Catholic News Service
ST. CLOUD, Minn. — Who could have predicted that a student from St. Mary's Grade School in Little Falls would one day win a Nobel Prize? But that's what Dr. Brian Kobilka accomplished.
He's one of two scientists awarded a Nobel Prize in Chemistry Oct. 10 for their work on cell receptors.
"It's a great honor for me," Kobilka told The Visitor, newspaper of the Diocese of St. Cloud. He made the comments in a telephone interview from his lab in the department of molecular and cellular physiology and medicine at Stanford University in Stanford, Calif.
Kobilka, 57, physician and professor at Stanford University School of Medicine, shares the prize with his onetime mentor Robert Lefkowitz, professor at Duke University Medical Center in Durham, N.C. Since 1984, the pair has worked to identify and isolate a particular family of cell receptors, called G-protein-coupled receptors, or GPCRs, which carry signals from outside stimuli to cells of the human body.
The Royal Swedish Academy of Sciences website includes an essay on the winners' work, "Cells and sensibility," as general background for the science.
In their introduction: "In our eyes, noses and mouths, we have sensors for light, odors and flavors. Within the body, cells have similar sensors for hormones and signaling substances, such as adrenalin, serotonin, histamine and dopamine. As life evolved, cells have repeatedly used the same basic mechanism for reading their environment: G-protein-coupled receptors. But they remained hidden from researchers for a long time."
Their essay further described the two scientists' persistence in trying to capture an image of the receptor, a goal believed unattainable by most of the scientific community, and their groundbreaking discoveries in mapping how the GPCR family of receptors works.
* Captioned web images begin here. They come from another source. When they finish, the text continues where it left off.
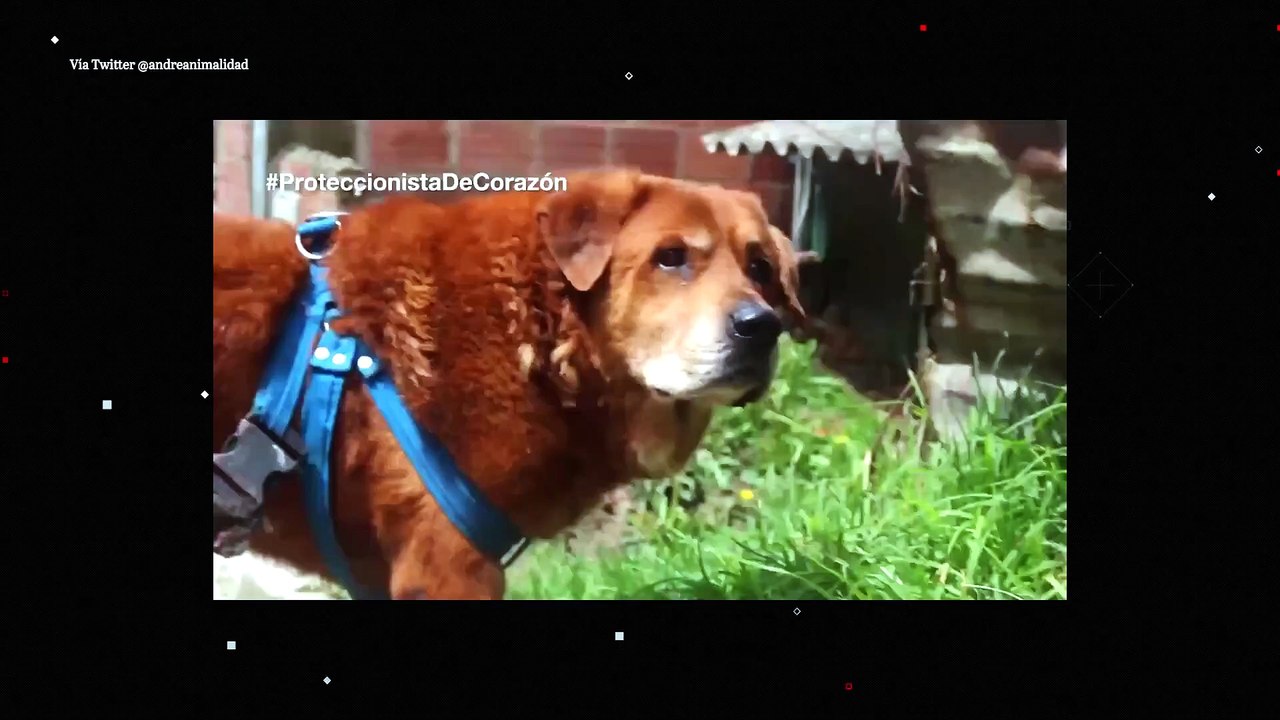Ley Perritos Final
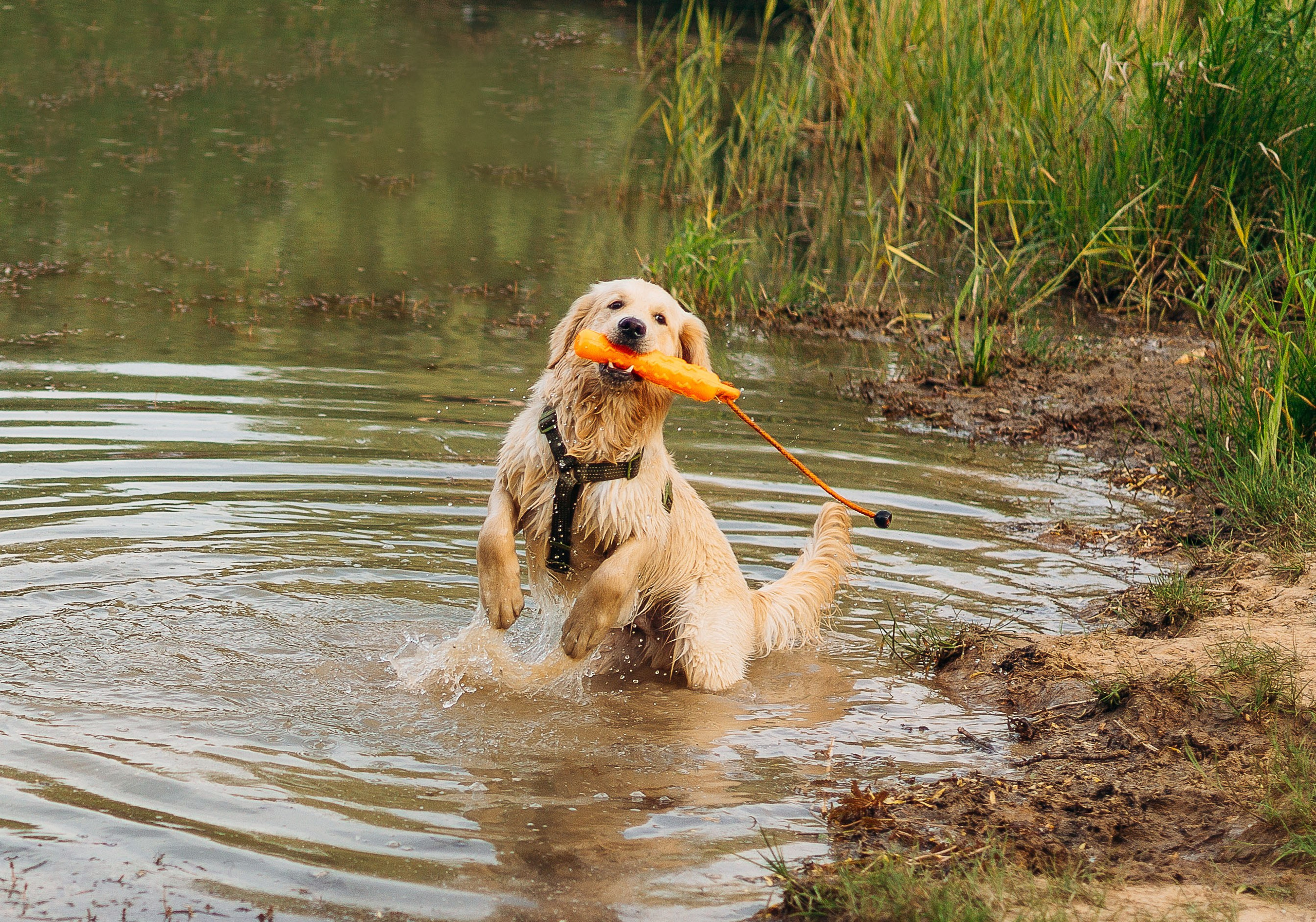 Настя, Арчи, Арагон. Фотограф-анималист | Белград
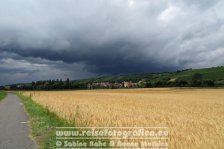 Von München nach Bielefeld | Deutschland | Bayern | Bei Ochsenfurt |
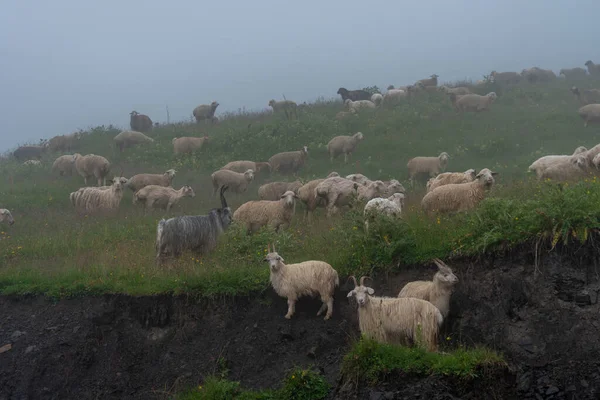 Moutons Sur Pâturage Montagne Par Une Journée Brumeuse Khevsureti Géorgie — Photo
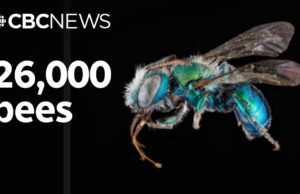 Più api di quanto avessimo mai pensato esistessero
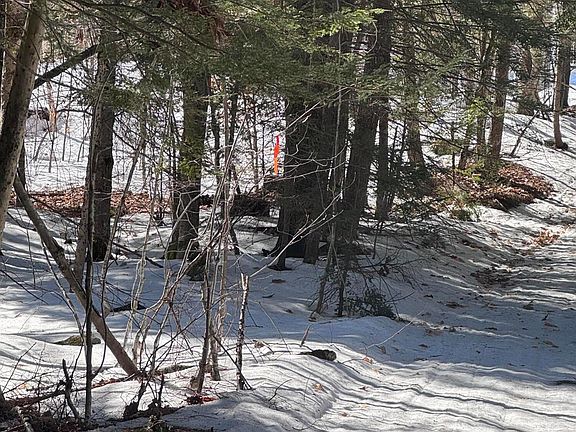2nd image of Lot #10 Goose Pond Road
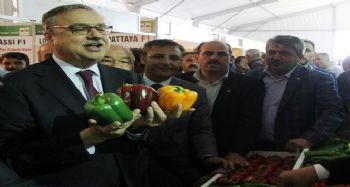 MERSİN’DE ‘BİBER ÇEŞİTLERİ TANITIM GÜNLERİ FUARI’ AÇILDI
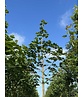 Spitzahorn 'Farlake's Green' | Acer platanoides 'Farlakes Green'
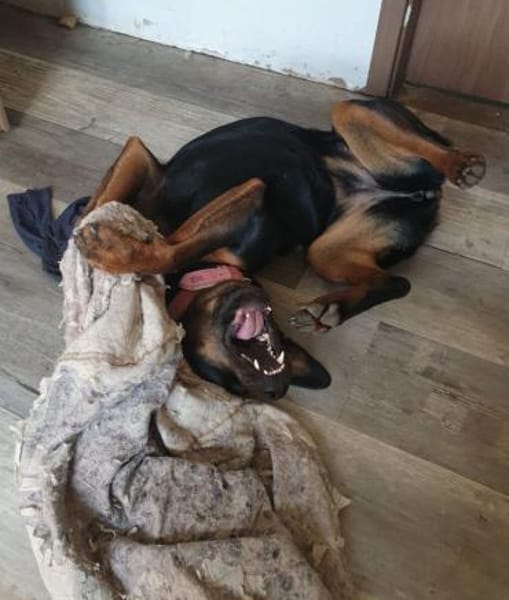 Bella - Alle guten Dinge sind 3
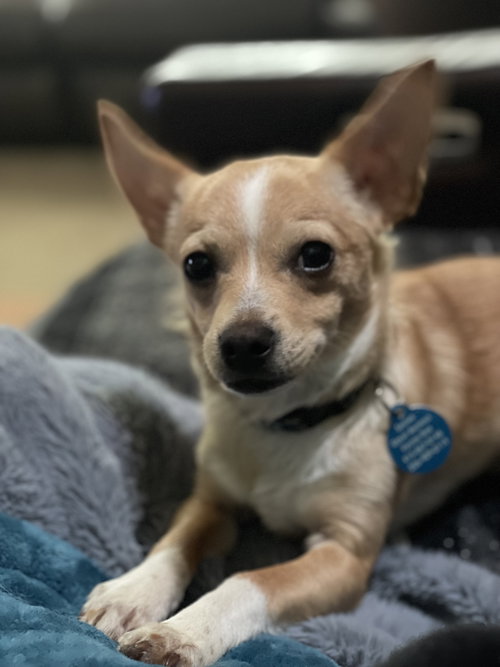 Penn, an adoptable Chihuahua in Bellevue, WA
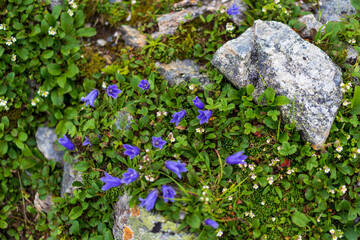 flowers on the rocks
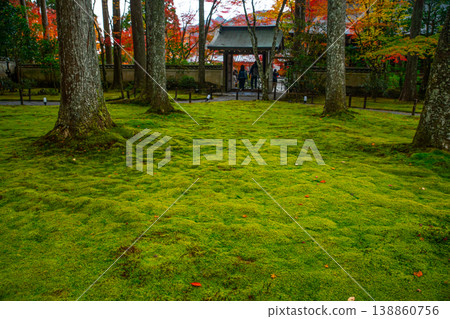 秋季大原三千院的苔蘚庭園 138860756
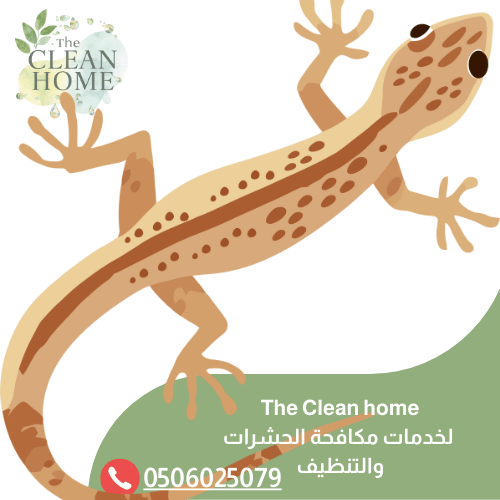 شركة مكافحة الوزغ في أم القيوين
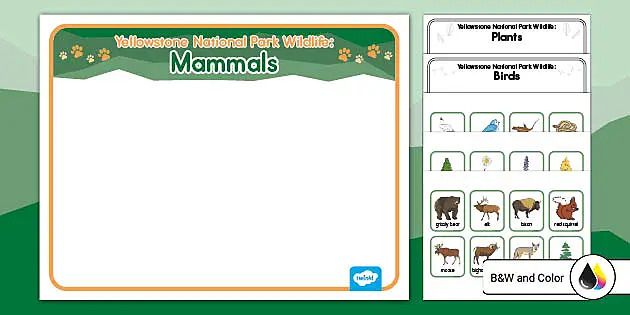 Yellowstone National Park Wildlife Sorting Activity Mats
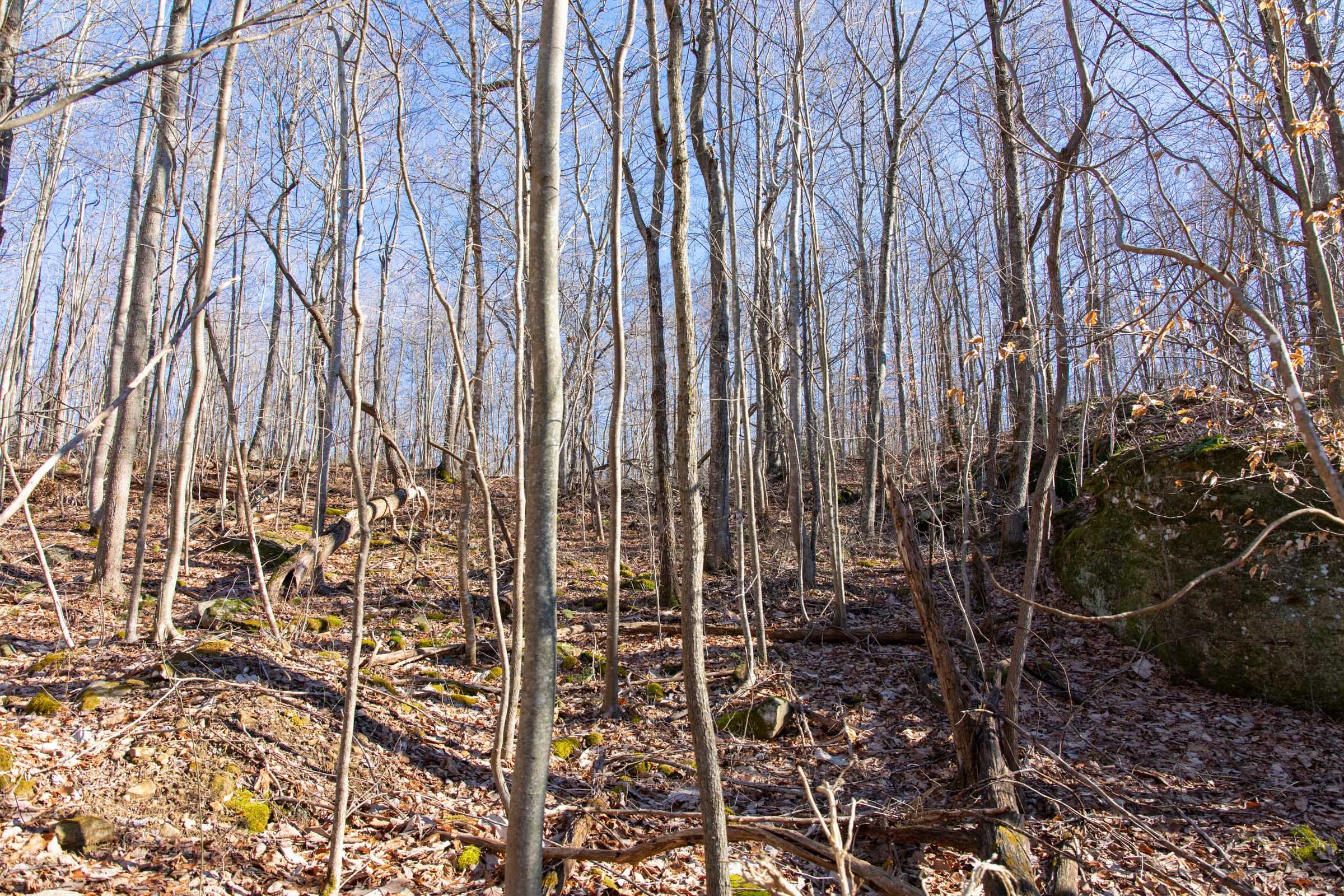 Blackstone Mountain Phase I Tract 48 photo 12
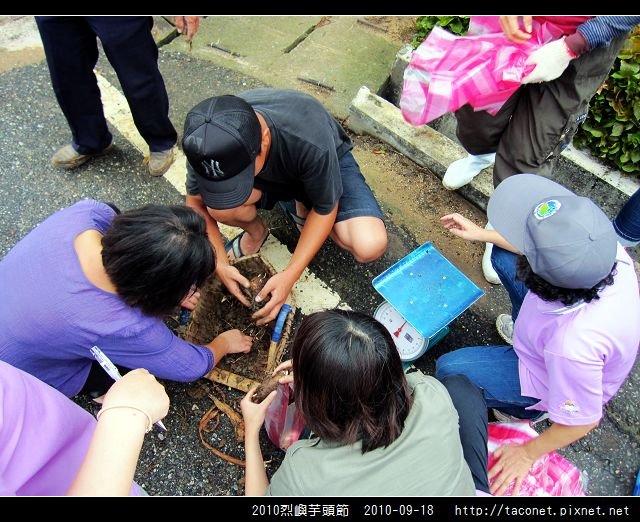 2010烈嶼芋頭節_09.jpg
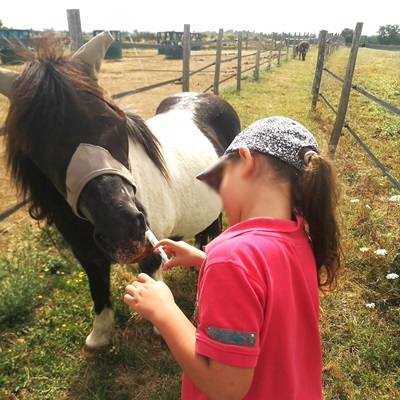 enfant donnant des compléments à un poney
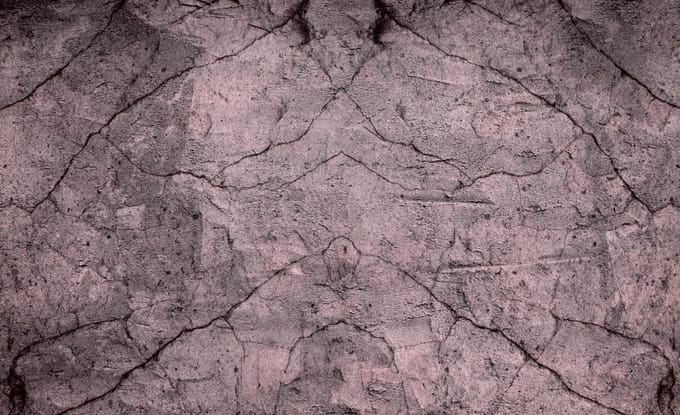 Wood Texture Photo Wallcovering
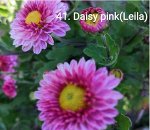 41 Daisy Pink (Leila)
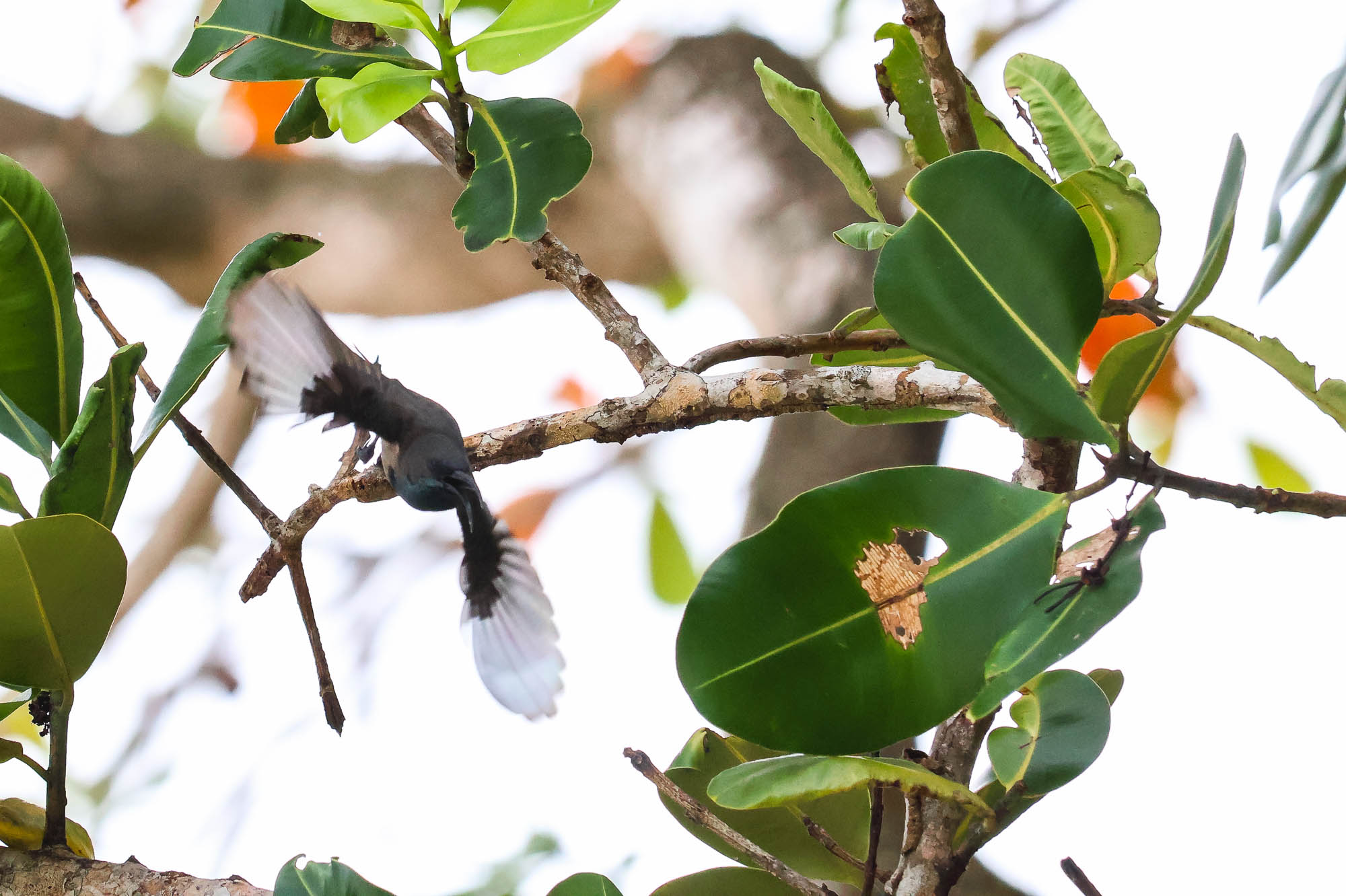 Seychelles Sunbird in flight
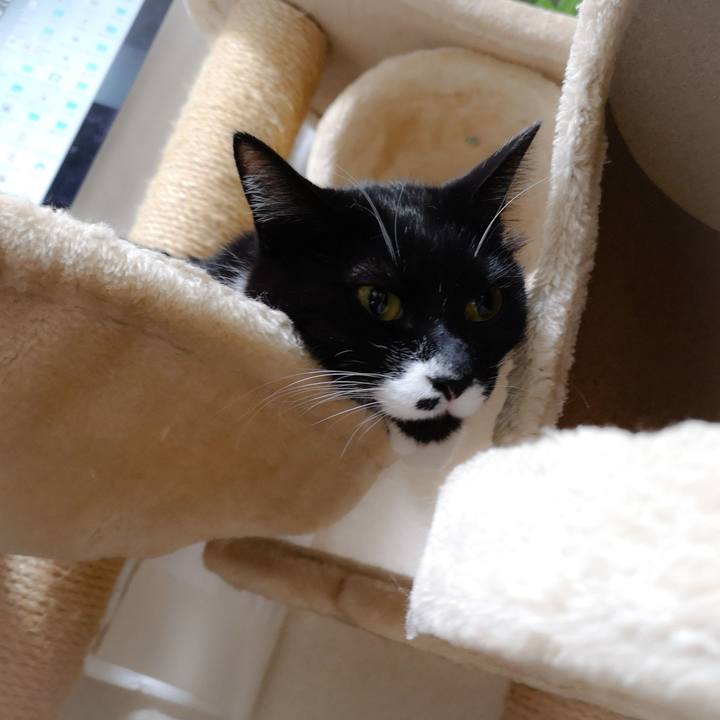 6854a33c 4230 41d2 8f82 910df5e1f6a8 1549639885616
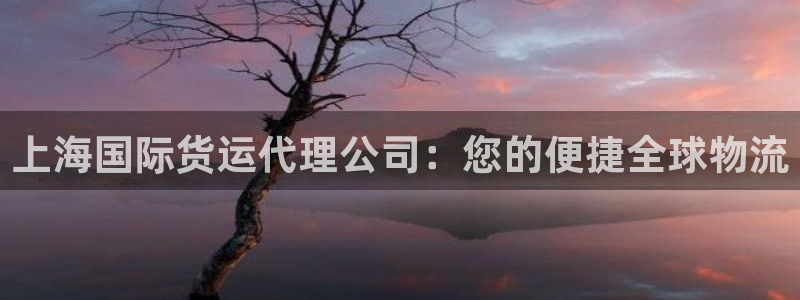 尊龙,人生就是博!登录国际：上海国际货运代理公司：您的便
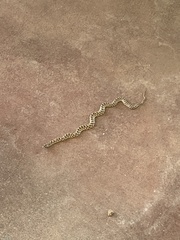 Arizona elegans elegans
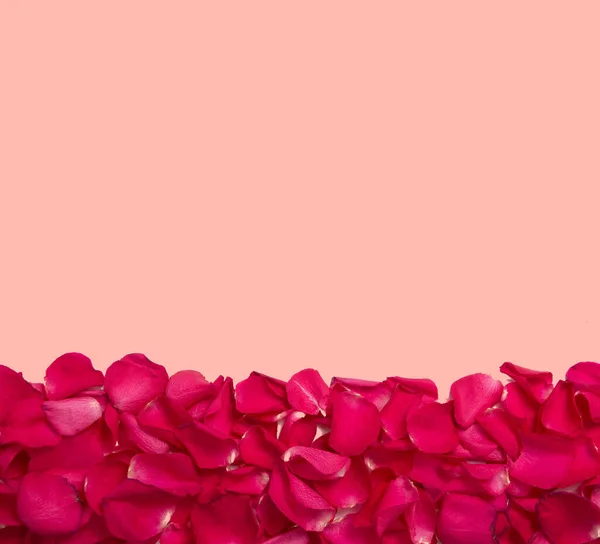 Фон Текстура Ярко Красных Лепестков Роз Розовым Фоном Сверху Скопировать — стоковое фото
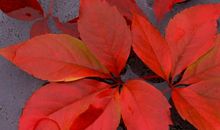 1月起财从天降，运势如虹，职场如鱼得水，好运相伴的3大生肖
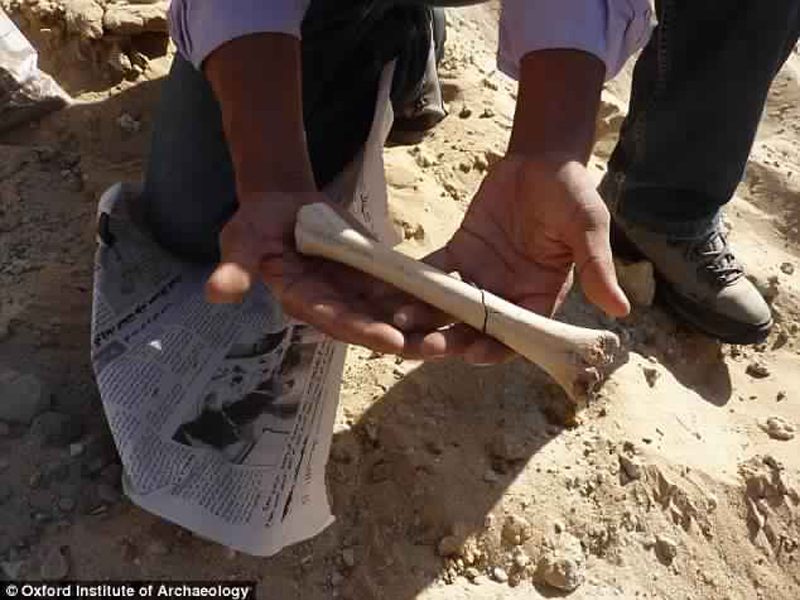 Präsenz Britische Forscher finden Hinweise auf 72.000 Jahre alten menschlichen Korridor durch Tunesien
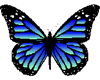 Saphire Blue Butterfly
Though often Nobel Prizes are given for work done much earlier, Kobilka said in his case the work that had the greatest impact was published only last year in Nature, an international journal for science and medicine.
In 2011, Kobilka's lab captured through X-ray crystallography the first image of a living G-protein receptor on a cell membrane precisely when it transferred the signal from the hormone adrenalin on the outside of the cell to its interior. The image revealed new details about the GPCRs.
Because of the insights of Lefkowitz and Kobilka, pharmaceutical companies are able to develop more effective and safer medicines for a wide range of diseases.
"About half the drugs a physician would administer," Kobilka said, "particularly to patients in an intensive care setting, work on cell receptors."
Those drugs include beta blockers for heart disease, antihistamines for inflammatory disease, various psychiatric medications, drugs for ulcers and those which help the immune system combat cancers.
"We're still doing similar research," he said, "focusing on trying to develop methods of making what we've learned more applicable for more effective drugs."
Kobilka talked about growing up in Minnesota, recalling: "The entire time I lived in Little Falls I attended Mass at St. Mary's. Msgr. (T. Leo) Keaveny was our priest."
Currently, Kobilka and his wife, Tong Sun Kobilka, are members of the Catholic Community at Stanford, which is in the Diocese of San Jose, Calif.
"My introduction to science came through a friend several years older who was interested in all things science you can do at a young age," he told The Visitor. "He did experiments in electronics and had a chemistry set, which he shared with me. I caught my interest from him."
Kobilka further credits excellent math and science teachers at Little Falls High School, where he graduated in 1973, and at University of Minnesota-Duluth, who helped him pursue his zeal.
He likewise encouraged young scientists, possible future Nobel laureates, to follow their passions.
"Work on what you're interested in," he said, "on what you want to understand, like how some aspect of how life works. It could be humans or how the universe was created, physics, planetary science, light, the complex relationships between matter and space, medicine, chemistry. If you try to do something because someone wants you to, you're less likely to succeed.
"What drives people to succeed is doing something that follows their natural instincts and curiosity."